Netwalker attacks Windows 10 systems and is capable of disabling antivirus software. However, to avoid setting off alarms, it doesn’t deactivate EPP security systems. It injects malicious code directly into Windows Explorer.

To avoid detection, Netwalker also uses a technique called process hollowing. This process involves unmapping the memory of suspended state processes and replacing it with malicious code. This techniques allows it to get around cybersecurity solutions that use whitelisting and signatures to detect malware.

How to protect hospitals

Right now, it is more important than ever to keep hospitals safe. In order to ensure they are protected, it is vital that everyone make an effort to stop ransomware making its way onto IT systems in the healthcare sector.

The first step, which must be a fundamental part of any cybersecurity plan, is to be extremely careful with emails. Email is one of the leading entry vectors for malware, and is also a vector that exists in every company. To protect it, it is imperative that we never open attachments from unknown senders. It is also vital never to click on links in emails from strangers, as they can also facilitate the installation of malware.
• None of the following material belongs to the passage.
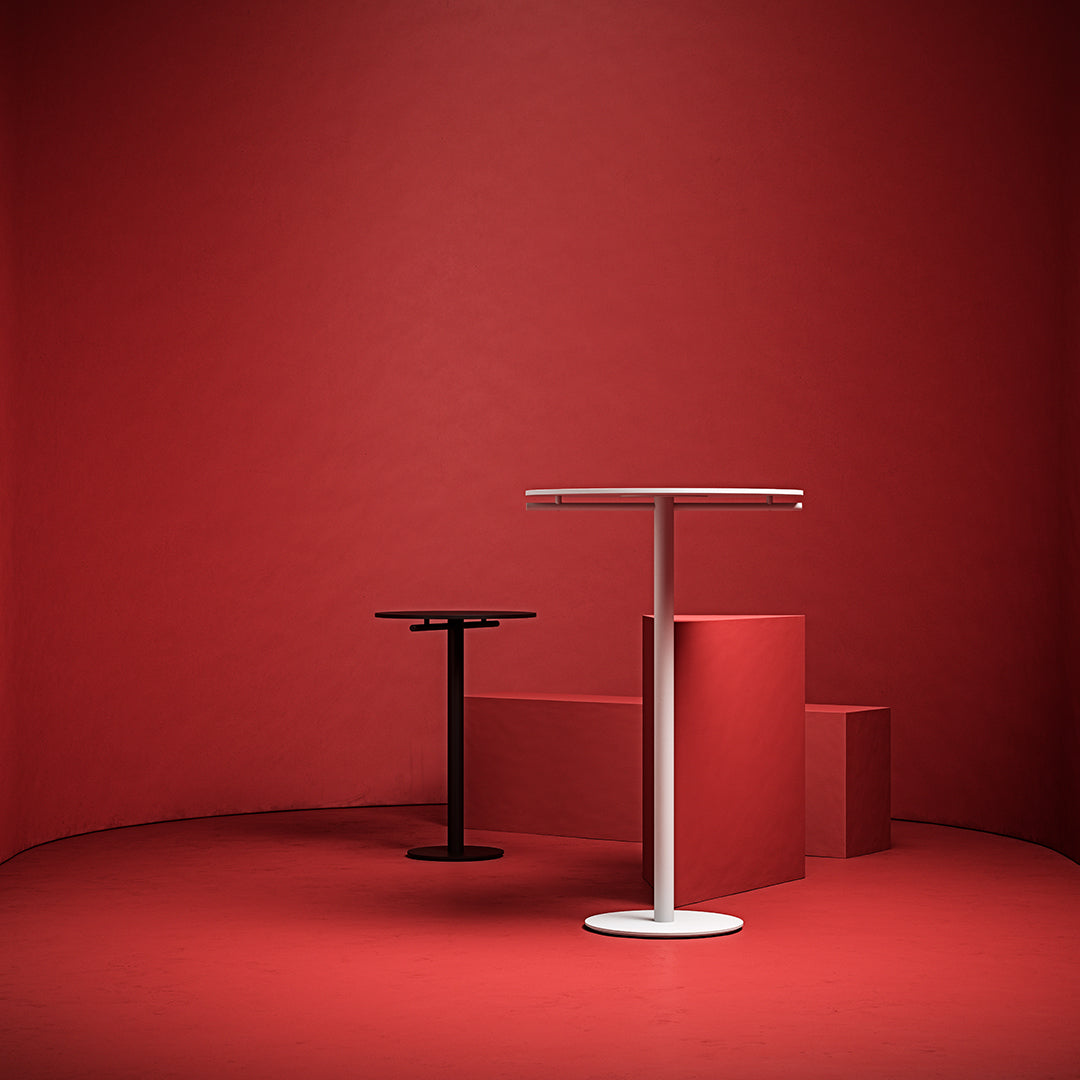 "Modern black and white tables against a bold red backdrop, showcasing sleek lines and minimalist design."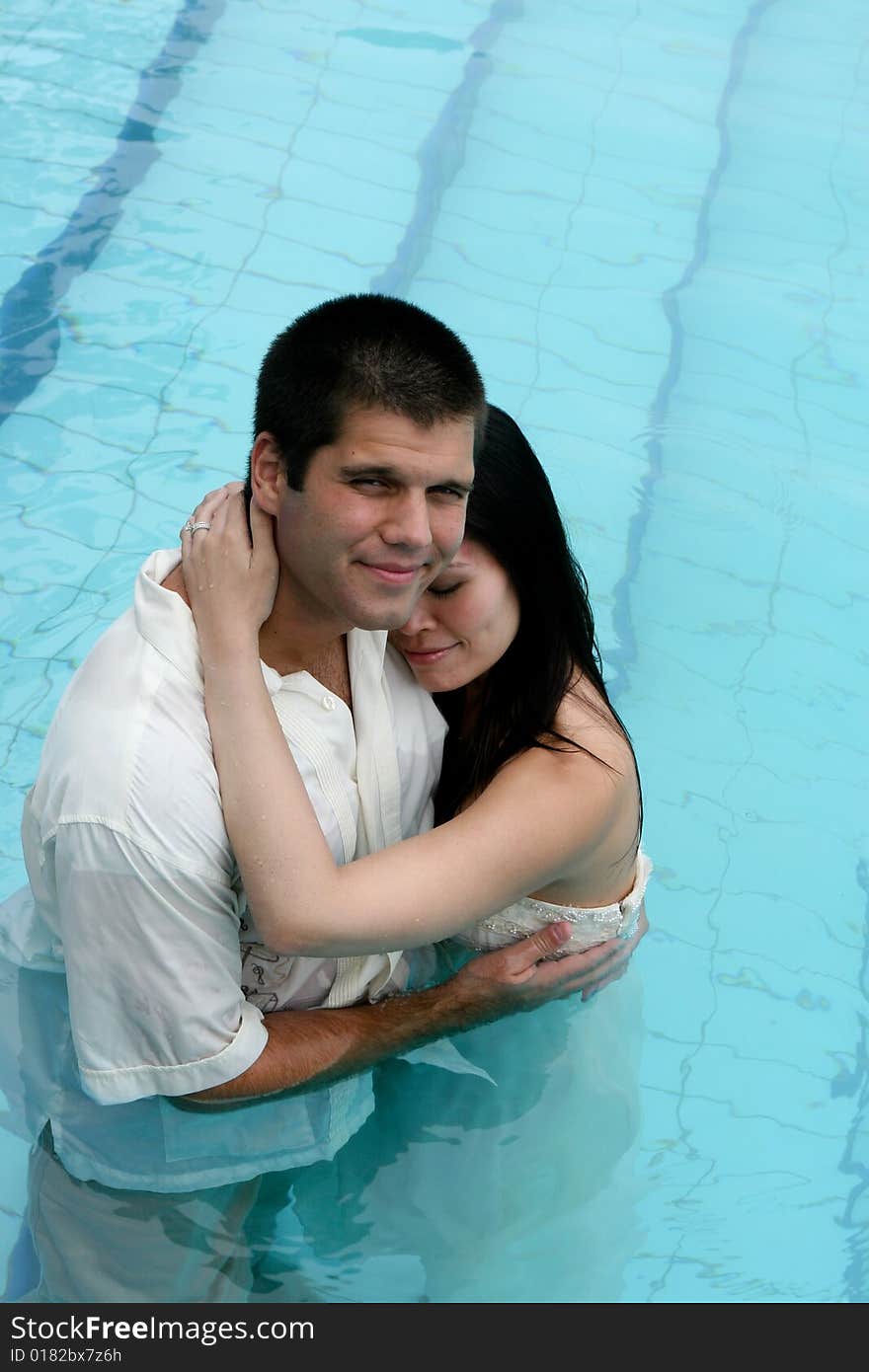 Bride and groom in the swimming pool - trash the dress trend. Bride and groom in the swimming pool - trash the dress trend.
Another essential measure are advanced cybersecurity solutions. Panda Adaptive Defense is capable of monitoring all activity on all endpoints on the network. It does not use signatures to detect malware. Instead, any unknown process is stopped before it can run, analyzed, and is only allowed to run if it is classified as legitimate. This zero trust posture guarantees the security of your IT system.

Because of how important it is to protect this vital sector, during the state of alarm in Spain, Cytomic, unit of Panda, is providing free endpoint security solutions for companies in the healthcare sector. This way, they can continue to perform all their work efficiently in these critical days, without having to worry about their cybersecurity.